January 9, 2018 / 2:39 PM / a year ago

Breakingviews - German workers may frustrate ECB’s inflation hopes

A worker wears a "we are on strike" vest during a protest of John Deere Europe employees and members of German industrial metal workers union IG Metall (IGM) at the John Deere factory in Mannheim, Germany, January 9, 2018. REUTERS/Ralph Orlowski

LONDON (Reuters Breakingviews) - Germany’s biggest trade union and European Central Bank President Mario Draghi share a common cause. The former wants a big pay rise for industrial workers in Europe’s largest economy. The latter wants euro zone wage growth to pick up so that he can stop worrying about inflation being too low. Teutonic workers have a strong hand but may still disappoint Draghi.

IG Metall is asking for a 6 percent pay rise that will affect nearly 4 million German industrial workers, some of whom went on strike on Monday and Tuesday. The union typically secures about half of what it asks for, according to JPMorgan analysis, but might have expected to do better this year, given a booming economy. The national unemployment rate is 3.6 percent, the lowest on record. More than a fifth of manufacturing firms say output is being hampered by labour shortages, according to the Bundesbank’s December monthly report.

But higher pay is not the only thing IG Metall wants. The union is demanding more working time flexibility and wants employees to be able to cut their hours by a fifth, to 28, for two years while retaining a right to return to full-time work. It also wants shift workers or those caring for older people or children to receive some compensation if they choose reduced hours. Employers have so far rejected these demands. They may only countenance any flexibility if the union cedes more ground on wages. That’s unhelpful for the ECB, which has been buying bonds and slashed its deposit rate below zero to get inflation back to its near-2 percent goal, from 1.4 percent in December.
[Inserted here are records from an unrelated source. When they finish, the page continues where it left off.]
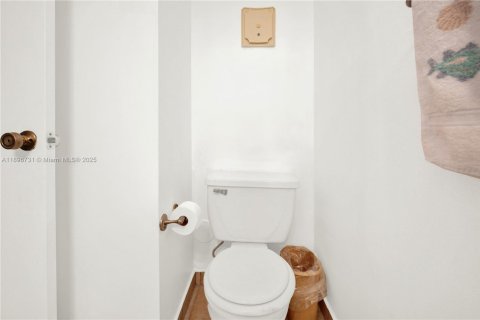 Condo in Miami, Florida, 2 bedrooms  № 1957313 - photo 23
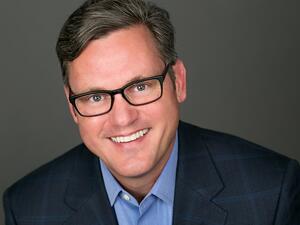 World-renowned inspirational speaker, leadership expert and best-selling author Tommy Spaulding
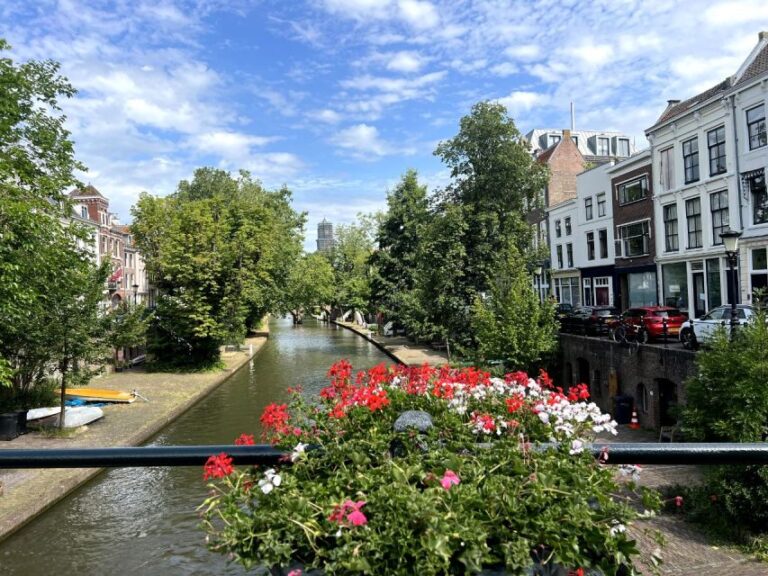 Cultural and Historical Audio Guided Walking Tour of Utrecht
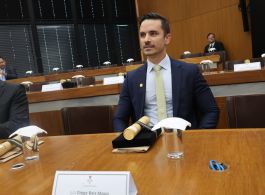PRESIDENTE E ASSOCIADOS(AS) DA AMATRA-2 RECEBEM COMENDA DA ORDEM DO MÉRITO JUDICIÁRIO DO TRABALHO DA 2ª REGIÃO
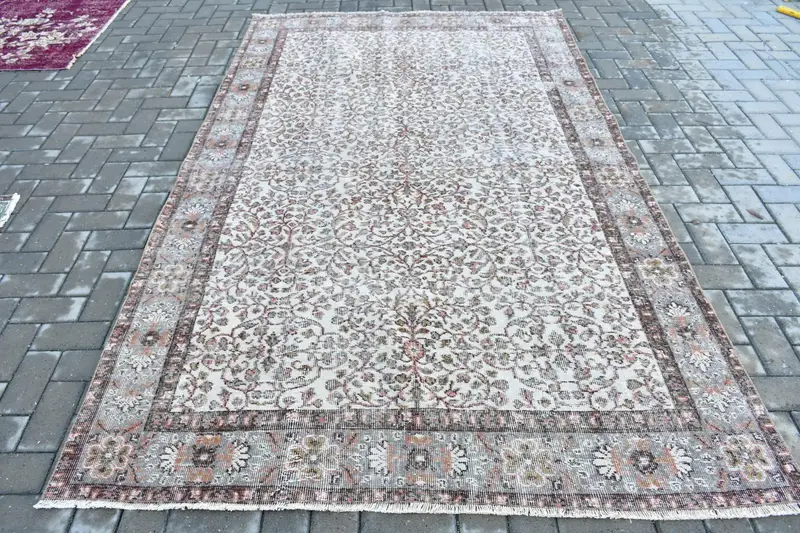 Alfombra Oushak turca vintage de 5,4x9,1 pies, alfombra de lana maciza grande blanca - 1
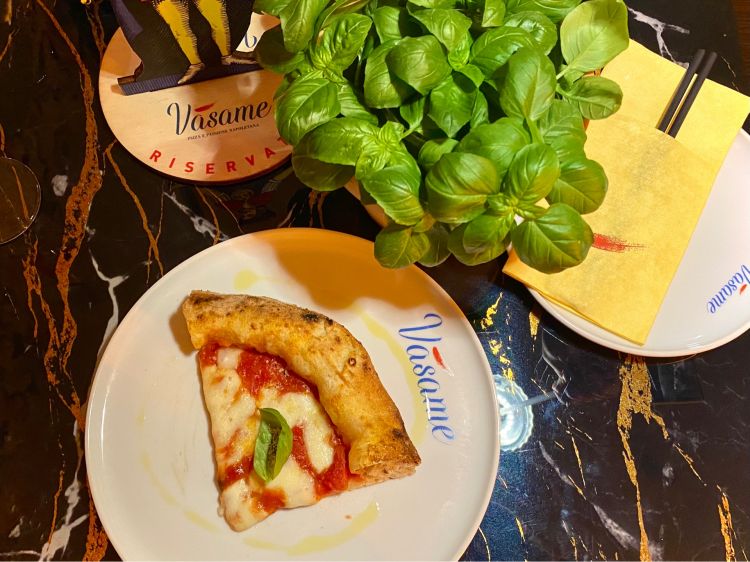 La Regina Margherita (con pomodoro San Marzano Dop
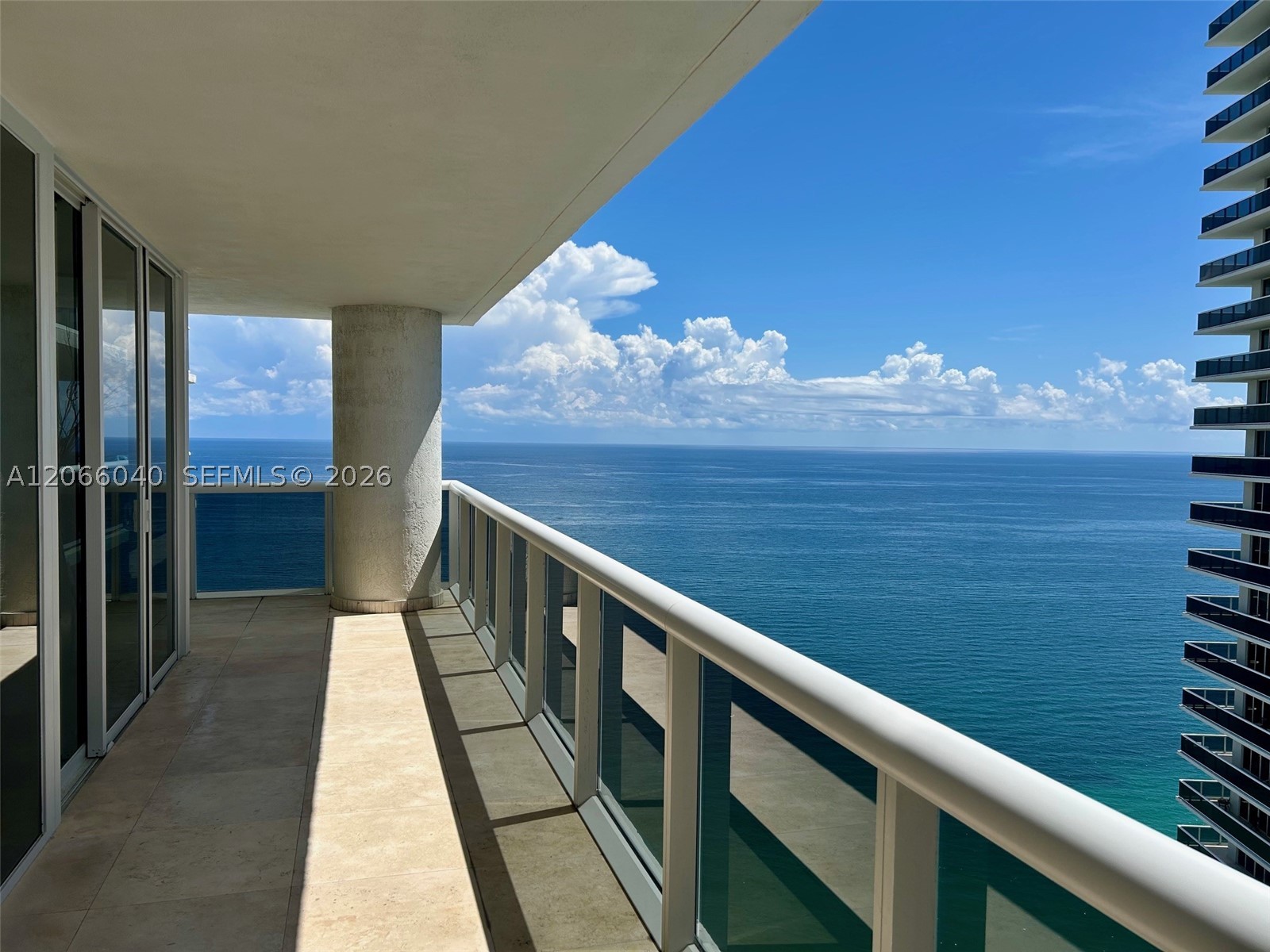 1800 S Ocean Dr 4005 Property Photo 2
German workers may not be much more helpful in future. They already work the least number of hours a year of any in Organisation for Economic Co-operation and Development countries, and 12 percent fewer hours than they did in 1991, the year after reunification. Further reductions in working time, a shortage of skilled labour and even modest rises in wages may force German industrial companies to move more jobs overseas. That would erode workers’ bargaining power – and their ability to help the ECB to generate inflation.